§ Data:
────────

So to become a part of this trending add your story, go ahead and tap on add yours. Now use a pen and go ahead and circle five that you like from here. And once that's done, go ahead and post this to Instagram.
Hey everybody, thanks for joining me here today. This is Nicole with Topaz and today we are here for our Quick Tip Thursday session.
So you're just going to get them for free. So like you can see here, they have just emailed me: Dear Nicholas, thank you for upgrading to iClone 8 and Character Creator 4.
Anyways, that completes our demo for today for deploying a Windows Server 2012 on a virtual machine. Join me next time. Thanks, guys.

────────

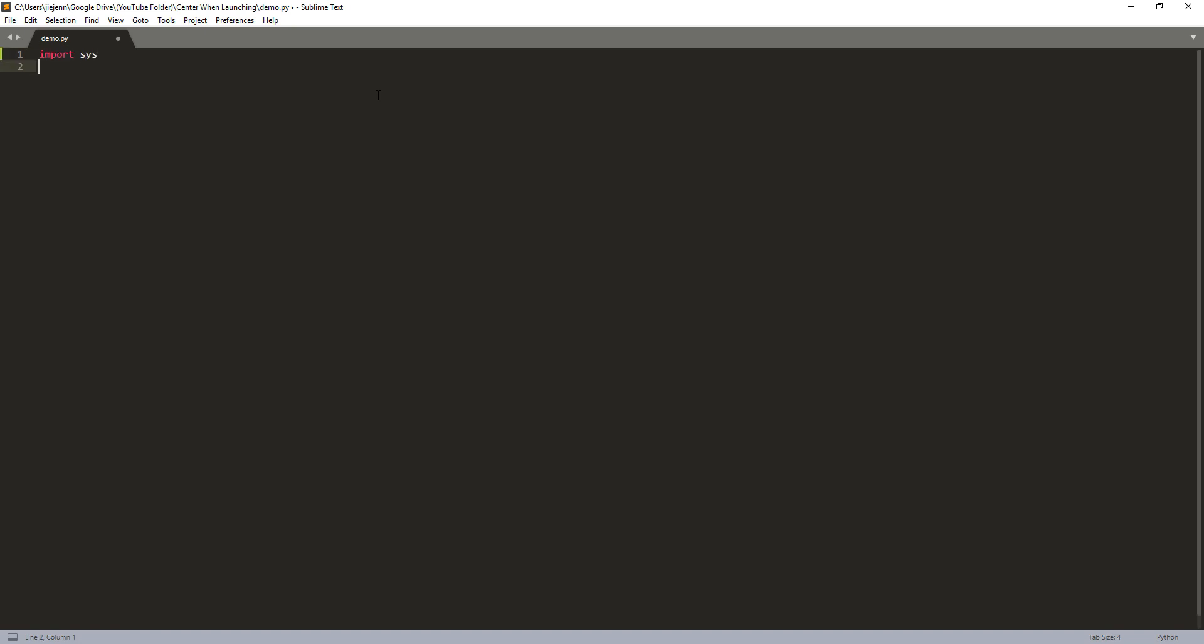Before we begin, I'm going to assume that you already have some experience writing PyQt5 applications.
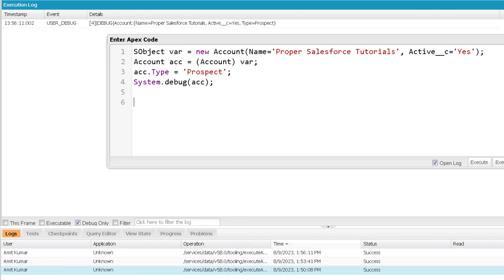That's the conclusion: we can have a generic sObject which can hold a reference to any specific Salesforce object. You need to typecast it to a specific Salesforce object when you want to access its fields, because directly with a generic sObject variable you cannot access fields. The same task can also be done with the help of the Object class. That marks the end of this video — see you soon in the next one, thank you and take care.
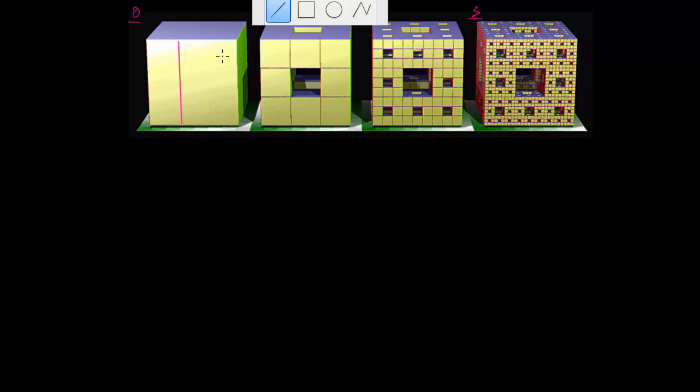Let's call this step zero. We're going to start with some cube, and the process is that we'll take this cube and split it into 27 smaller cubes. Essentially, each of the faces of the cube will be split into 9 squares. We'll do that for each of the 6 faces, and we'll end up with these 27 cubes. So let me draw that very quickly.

────────

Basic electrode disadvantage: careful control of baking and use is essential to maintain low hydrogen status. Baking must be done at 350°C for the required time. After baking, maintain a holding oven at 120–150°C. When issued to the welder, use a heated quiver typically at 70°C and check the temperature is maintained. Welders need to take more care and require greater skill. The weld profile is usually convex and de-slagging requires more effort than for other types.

────────

§ Exercise goal:
Scan the records above for the lines holding "So you're just" and "Anyways, that completes". Transcribe those two and every line between them word for word, and no others.

§ Answer:
So you're just going to get them for free. So like you can see here, they have just emailed me: Dear Nicholas, thank you for upgrading to iClone 8 and Character Creator 4.
Anyways, that completes our demo for today for deploying a Windows Server 2012 on a virtual machine. Join me next time. Thanks, guys.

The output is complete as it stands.